> _Aim of the task_
Each line from the one containing "Sininen tuoli ja pöytä" to the end of the material below is to be restated exactly, with pictures skipped.

> _Data to use_
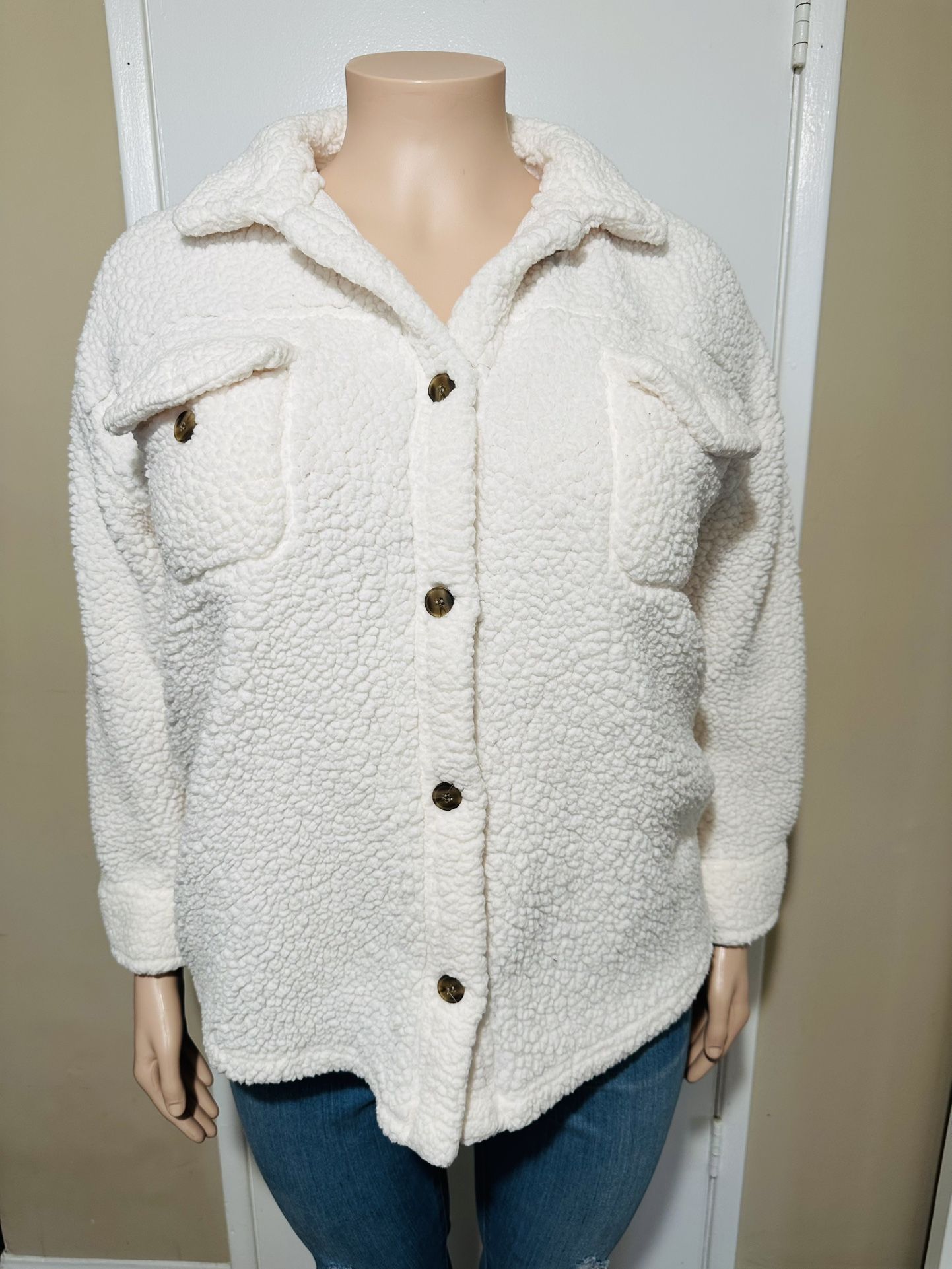 32 Heat Women’s Cream Colored Sherpa Jacket Size XXL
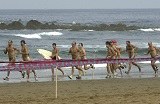 Sud Australia, in 300 nelle acque di Maslin Beach per i Giochi Nudisti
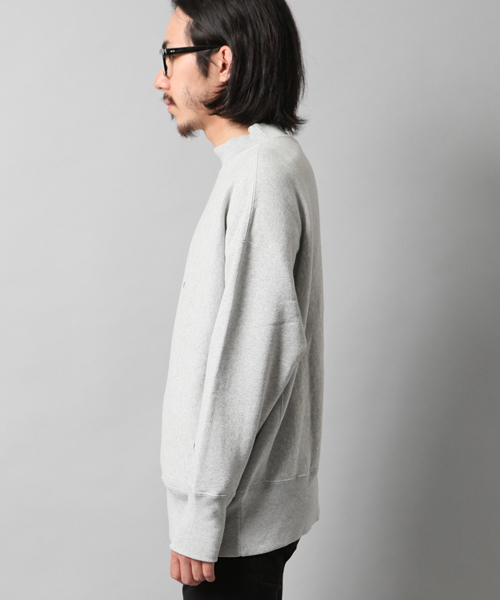 Champion(チャンピオン)の「Champion / チャンピオン × AMERICAN RAG CIE 別注 リバースウィーブ スウェットシャツ C8-L019(スウェット・メンズ・ダークネイビー/グレー/ブラック/オフホワイト/バーガンディー・LARGE/MEDIUM/SMALL)」の6枚目の写真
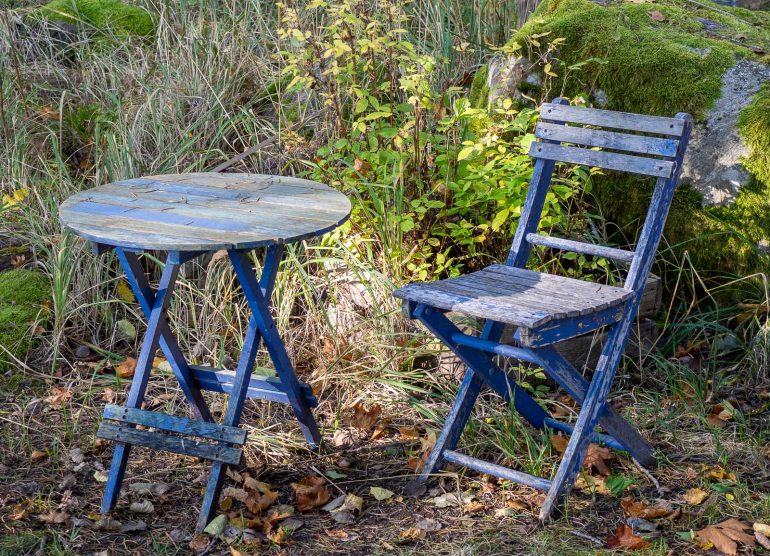 Sininen tuoli ja pöytä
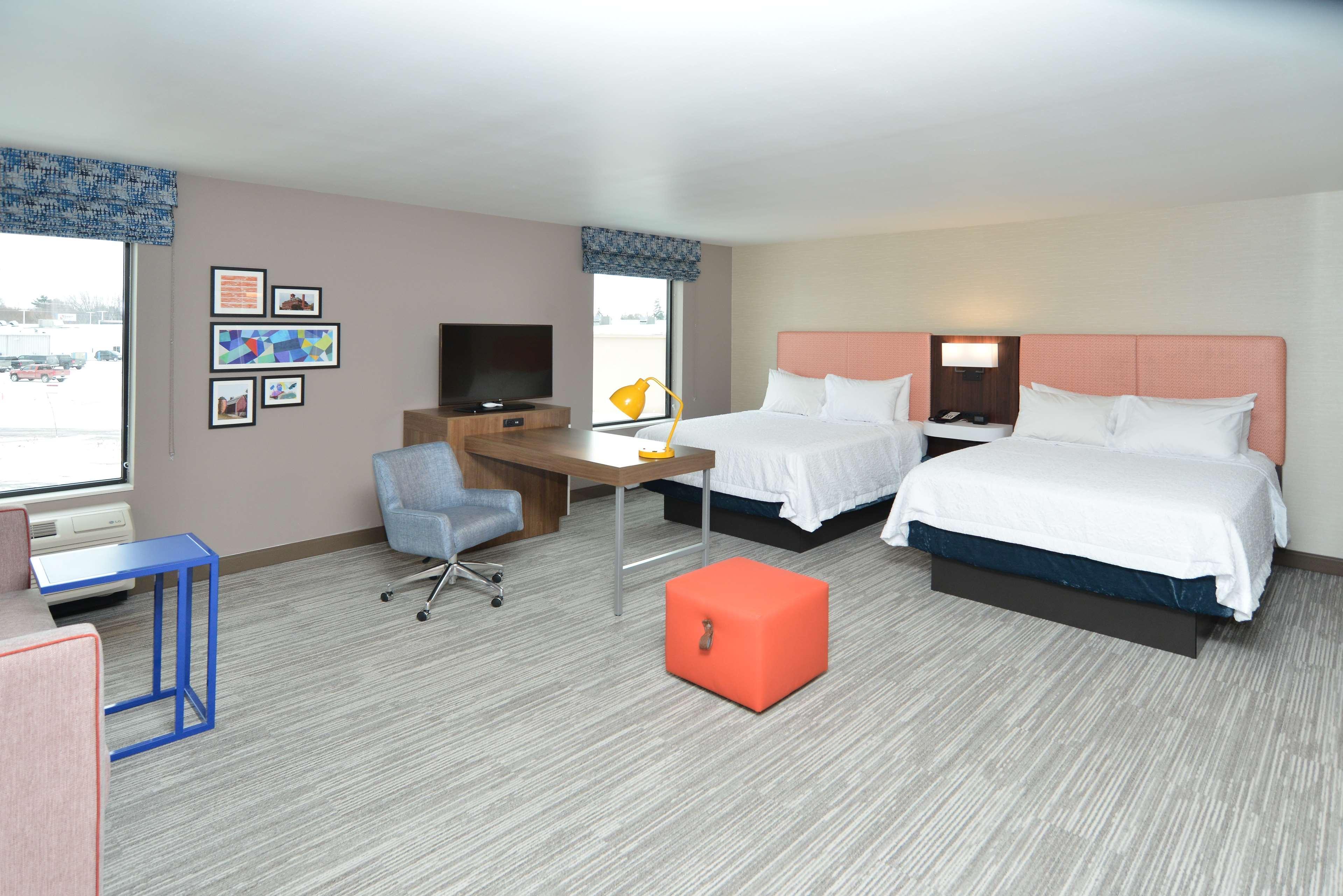 Hampton Inn&Suites Menomonie-UW Stout Extérieur photo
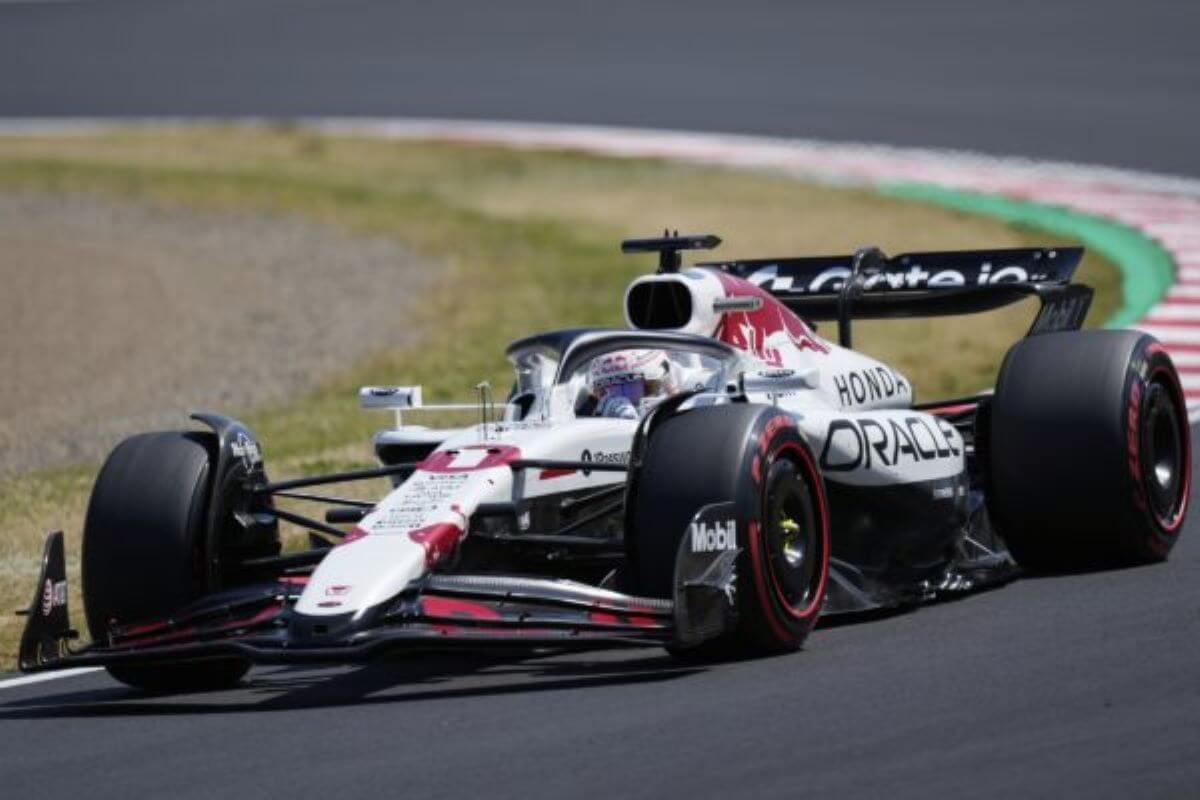 Formula 1, Gp Giappone: Verstappen in pole position, quarto Leclerc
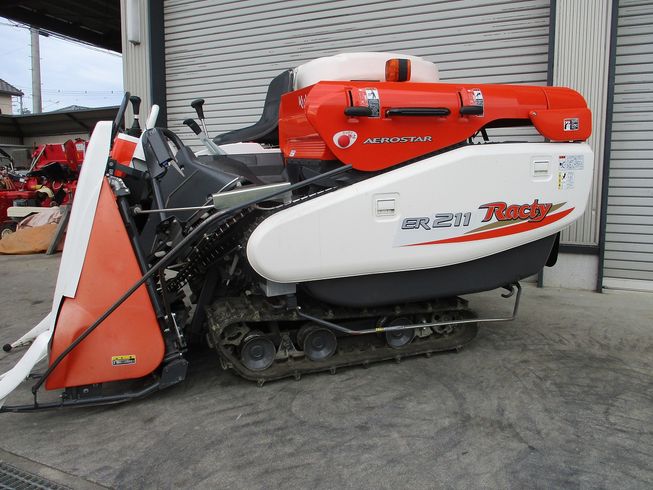 コンバイン ER211 写真４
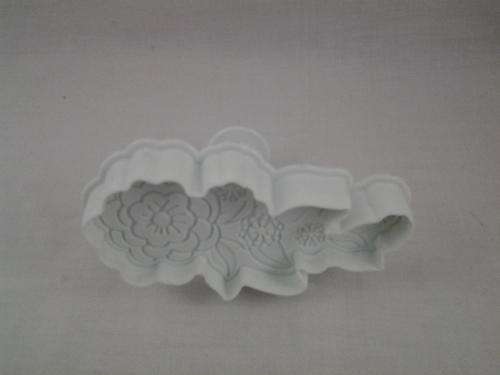 Fondant flower border plunger cutter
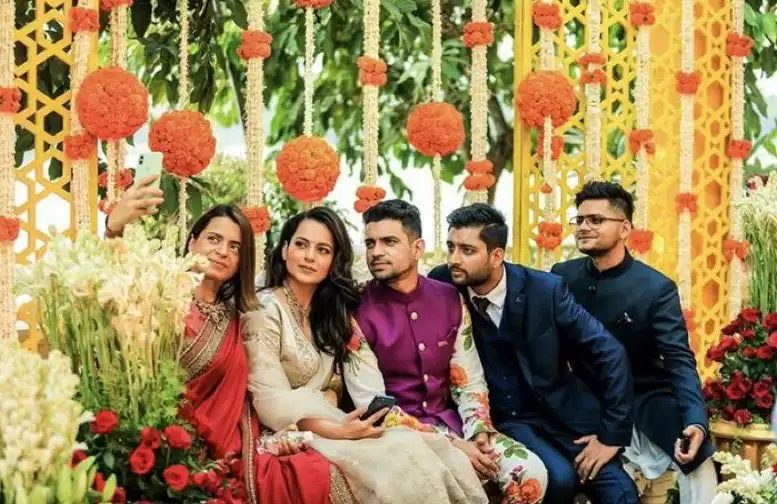 Bhai Dooj 2020: इस तरह सेलेब्स भाई-बहनों ने मनाया Bhai Dooj का त्योहार, देखें वायरल तस्वीरें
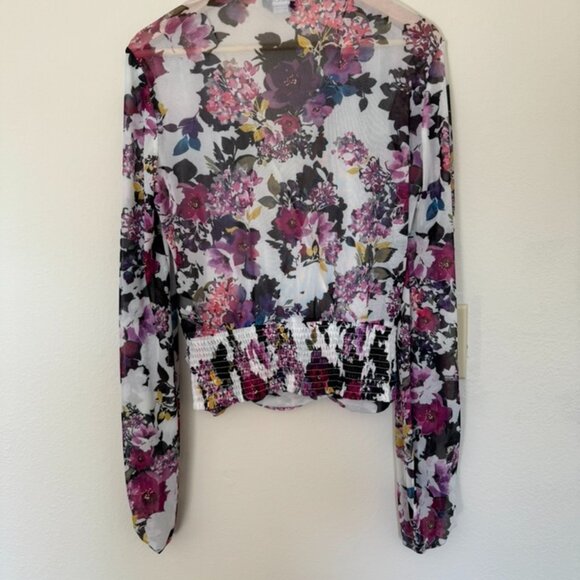 Bebe Cropped Floral Mesh wrap long sleeve blouse, Size L - Picture 4 of 4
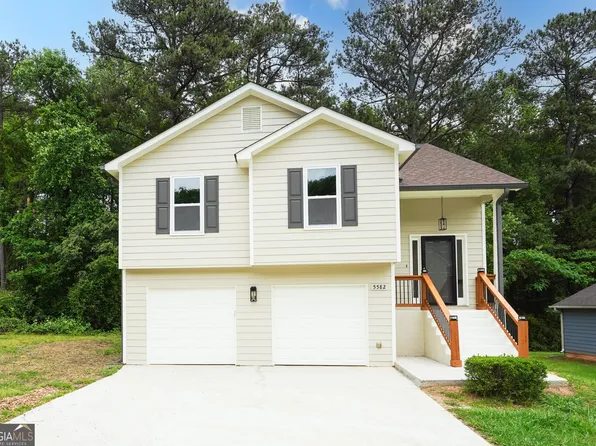 5582 Rockingwood Ct, Atlanta, GA 30349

> _Solution to this task_
 Sininen tuoli ja pöytä
 Hampton Inn&Suites Menomonie-UW Stout Extérieur photo
 Formula 1, Gp Giappone: Verstappen in pole position, quarto Leclerc
 コンバイン ER211 写真４
 Fondant flower border plunger cutter
 Bhai Dooj 2020: इस तरह सेलेब्स भाई-बहनों ने मनाया Bhai Dooj का त्योहार, देखें वायरल तस्वीरें
 Bebe Cropped Floral Mesh wrap long sleeve blouse, Size L - Picture 4 of 4
 5582 Rockingwood Ct, Atlanta, GA 30349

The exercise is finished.